In December, the Supreme Court struck down Canada’s key prostitution laws and gave Ottawa a year to rewrite them.

Some provinces decided not to pursue charges. But in February, Alberta deputy attorney general Kim Armstrong issued a directive to Crown prosecutors telling them to keep pursuing cases.

However, statistics suggest they won’t have as much to prosecute.

From January to April 2013, police laid 68 charges provincewide against people caught buying sex.

That number dropped dramatically in the first four months of 2014 — only four cases were initiated across the entire province.

For people who make money off prostitution, the number of charges dropped from 20 in the first four months of 2013, to five in the same period this year.
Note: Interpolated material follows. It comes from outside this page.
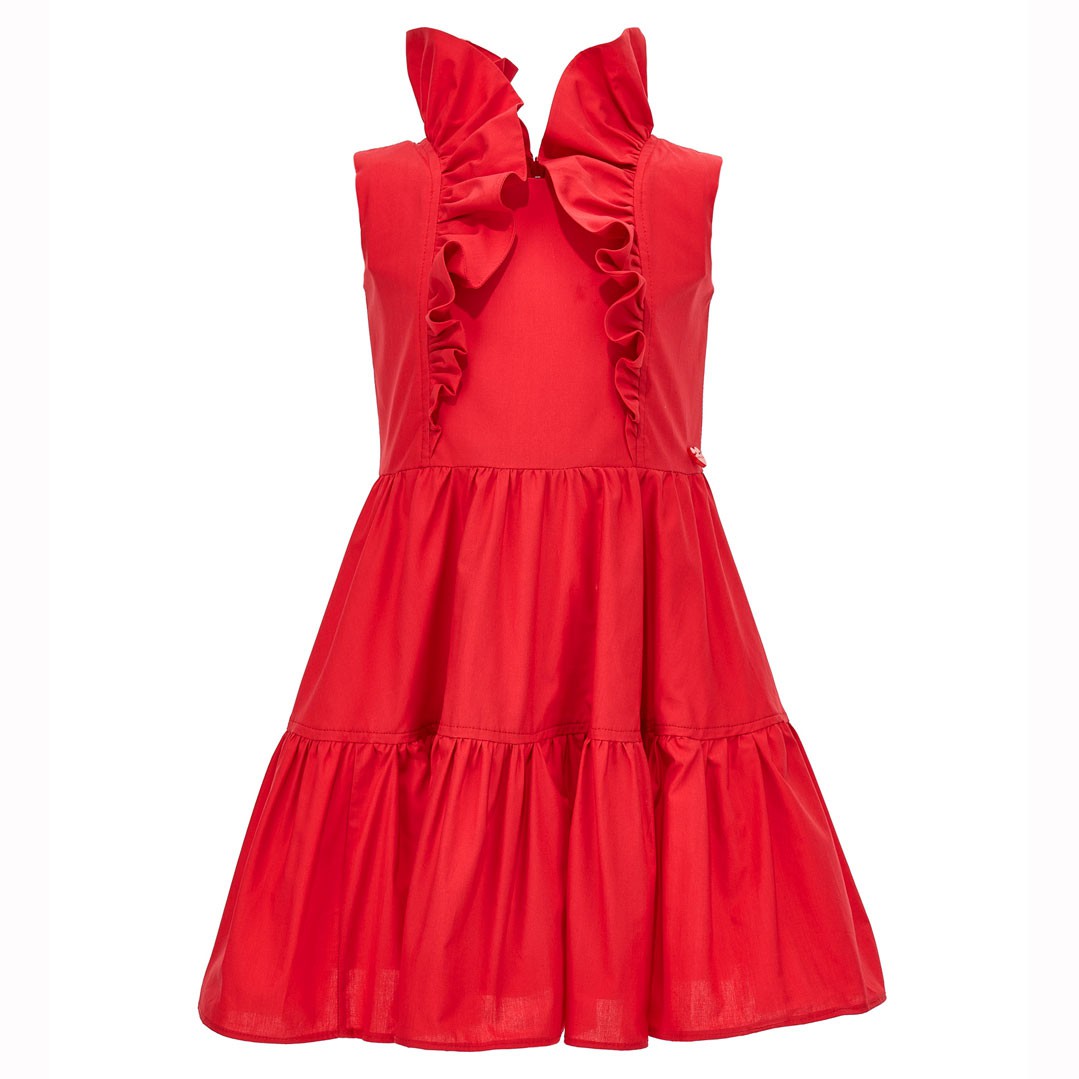 Czerwona sukienka dla dziewczynki, wizytowa, bawełniana Monnalisa 006152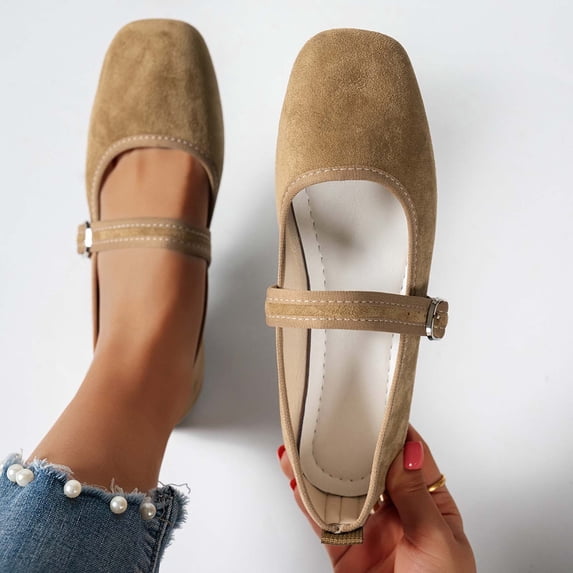 Plus Size Square Toe Comfortable Shoes Daily Wear Spring Summer Wide Width Office Work Khaki 8.5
Jo-Ann McCartney, a former vice detective with Edmonton Police, says the Supreme Court decision is partly to blame. If laws are going to change, it may not be worth the time and effort to file the paperwork, she said. 

“Our court systems are backlogged like crazy. So perhaps that's one of the reasons that they're not proceeding with many charges."

Armstrong and Justice Minister Jonathan Denis turned down interview requests from CBC News.

Justice spokeswoman Michelle Davio said that decisions on whether to lay charges are made by police and any questions should be directed to them.